This one is in good condition, and while there's a few details to look after, not too much of a project boat. Just one or two soft spots in the deck under the lifeline stanchions by the bow. Everything in working order with somewhat fresh sails, and fairly priced. Seems like it's been well taken care of.

These are hard to find info on so will share what we found while inspecting: 

-hull seems to have ballast in the bottom, spread almost waterline to waterline port to starboard, for a few feet in front of and behind the keel. Very damp and thick feeling when lightly sounding with a hammer or knuckles.

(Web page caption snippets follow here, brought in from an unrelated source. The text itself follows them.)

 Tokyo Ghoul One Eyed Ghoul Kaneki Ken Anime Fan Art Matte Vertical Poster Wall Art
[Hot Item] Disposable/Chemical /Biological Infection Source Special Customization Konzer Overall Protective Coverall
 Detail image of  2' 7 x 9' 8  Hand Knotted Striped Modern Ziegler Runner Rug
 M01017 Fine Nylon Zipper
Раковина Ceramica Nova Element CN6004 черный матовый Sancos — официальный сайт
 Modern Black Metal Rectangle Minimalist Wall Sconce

-lifting keel is definitely on the daggerboard side of things. Original paperwork cites 375 lbs daggerboard weight (construction seems to be glass over some kind of core), and ~1100 lbs ballast, so that adds up with the observation about hull ballast. This boat has what appears to be a lead clamshell bulb attached to the bottom of the board, through-bolted on and faired-in with simple fillets. We have not found any other boat on the web showing this small bulb, so it may be a modification. Either way it looks well done, and looks like 100lbs or less of lead. 

-the forward hatch cutaway in the deck reveals mostly foam core, with plywood core in certain areas.

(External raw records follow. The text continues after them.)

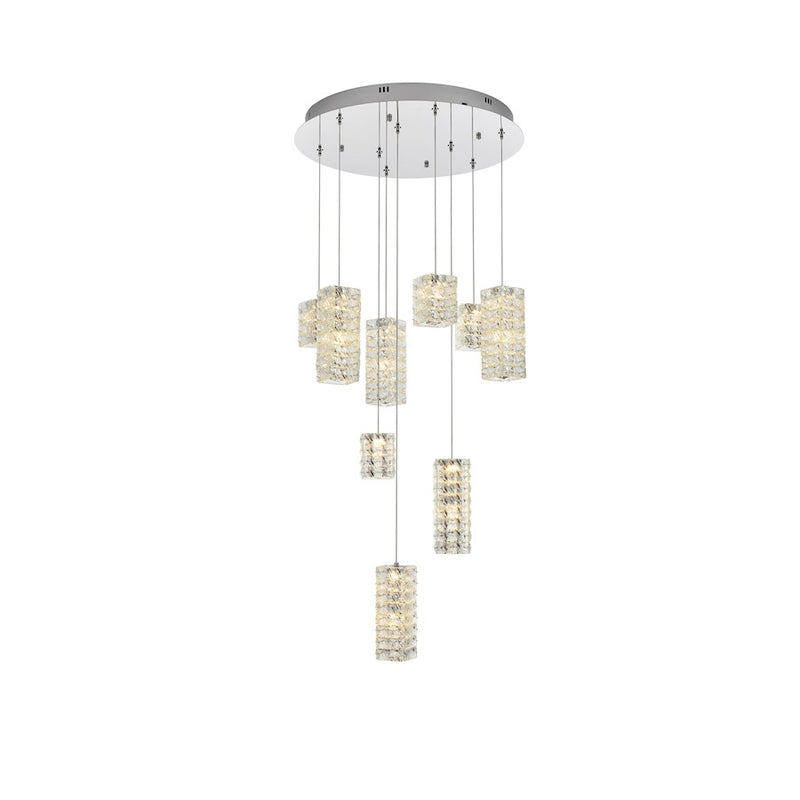 Elegant Lighting Aston 24" LED Pendant, Chrome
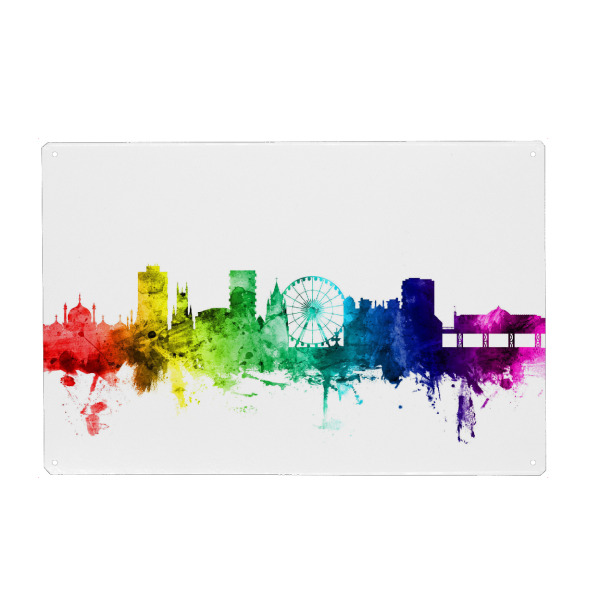 Holzbild "Brighton England Skyline 2" artboxONE - Städte,Reise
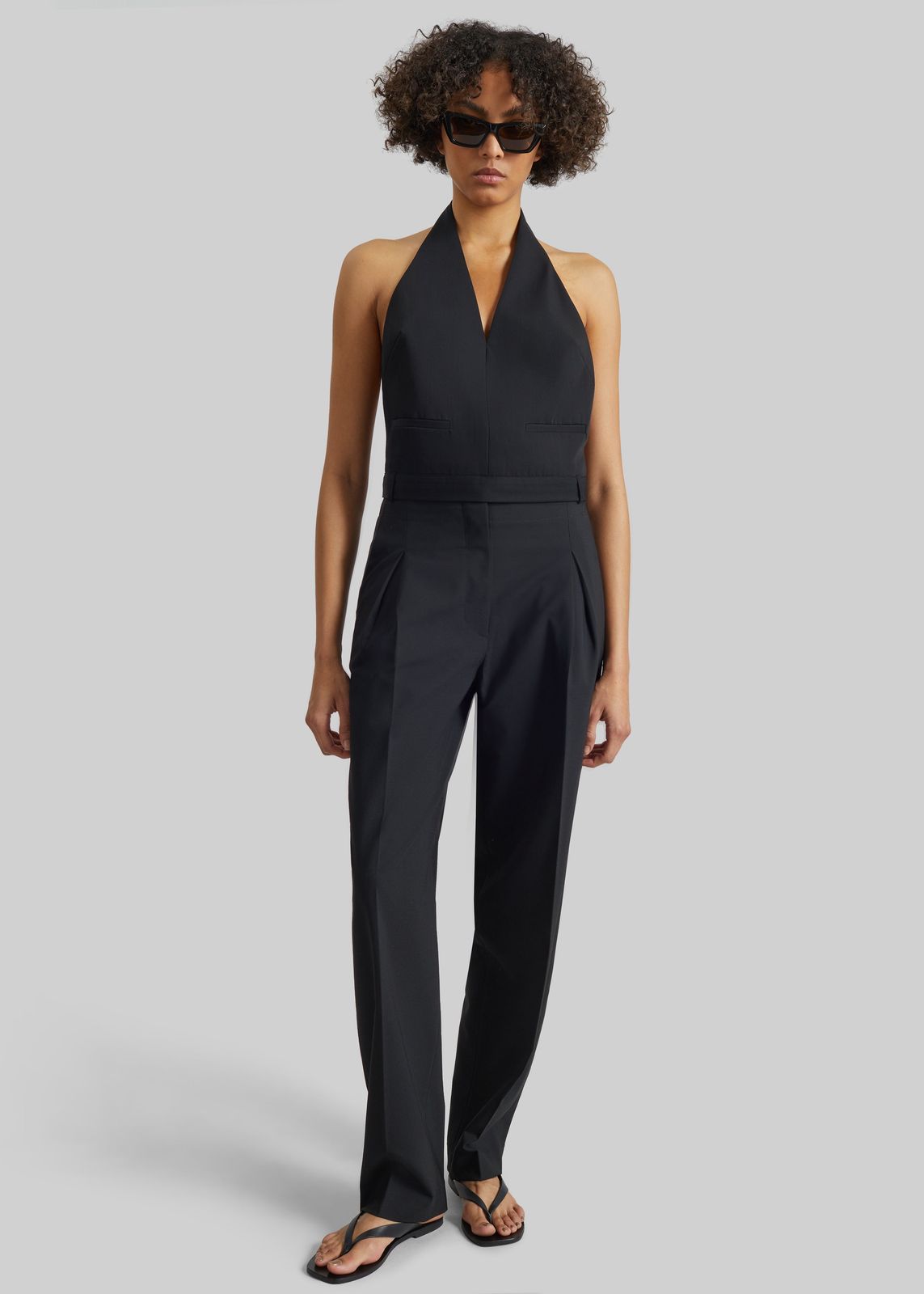 Covert Pleated Pants - Black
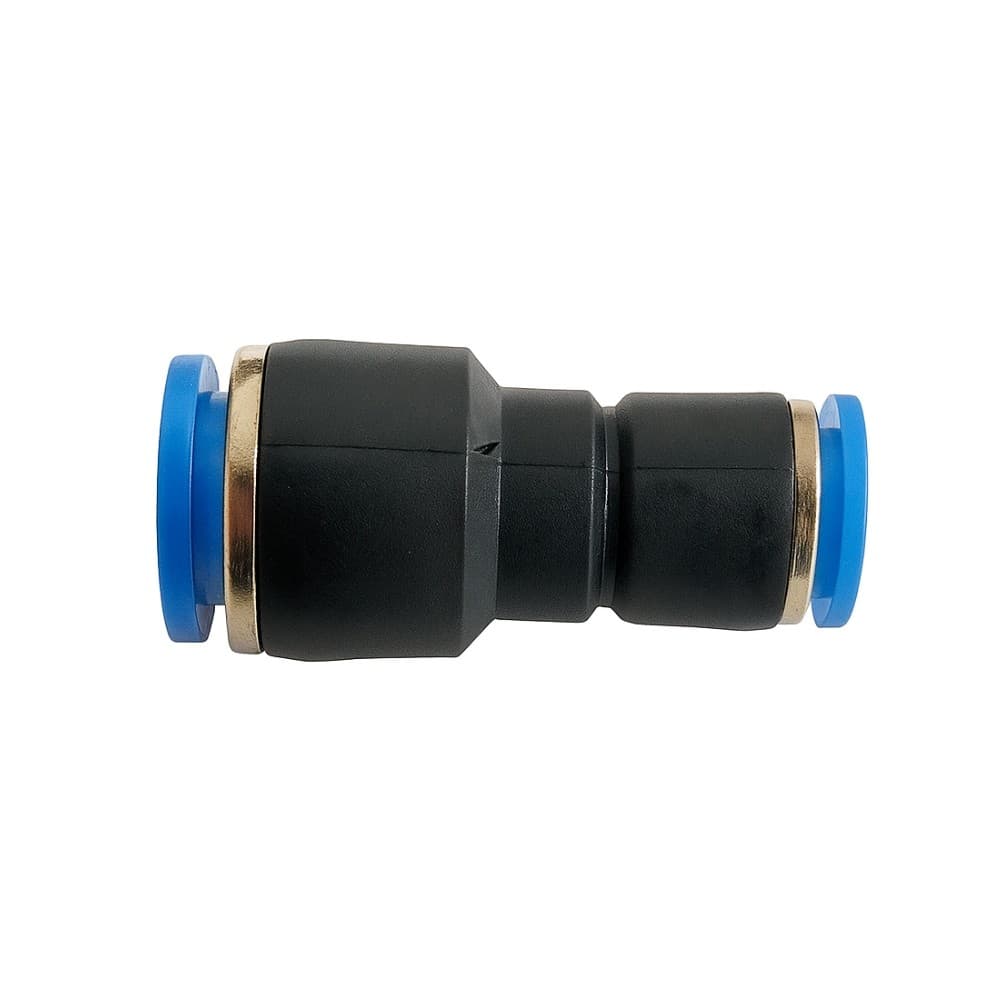 Conexão Pneumática União Redutora De Tubo 12mm X 08mm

-not sure what the hull core is but the hull is extremely light on the sides, with longitudinal stringers molded in internally. Not a single full bulkhead, so the hull to deck joint is definitely getting a work out. 

-Hull to deck joint is an external flange on each part that overlap and are bonded together. This boat has glass tape laid on the inside of the joint all the way around the boat, similar to what ILYB-Todd did on his salvage project, but slightly less fillet under the glass. we are not sure if this was factory or added later. Either way, glad to see it. 

-mast is deck stepped but sits on a post connecting hull to deck directly underneath it. 

-chainplates are long aluminum flat bar that connects to the half-height bulkhead behind the v-berth.

-lifting daggerboard mechanism leaves a lot to be desired. Pulley carrying the lifting cable is at the aft end of the board but the slot is at an angle, so it wedges the board into the slot. 

- after a while of looking at the boat, the weird IOR hollow stern thing doesn't hurt my eyes quite as much ;) overall nice looking boat and excited to sail it.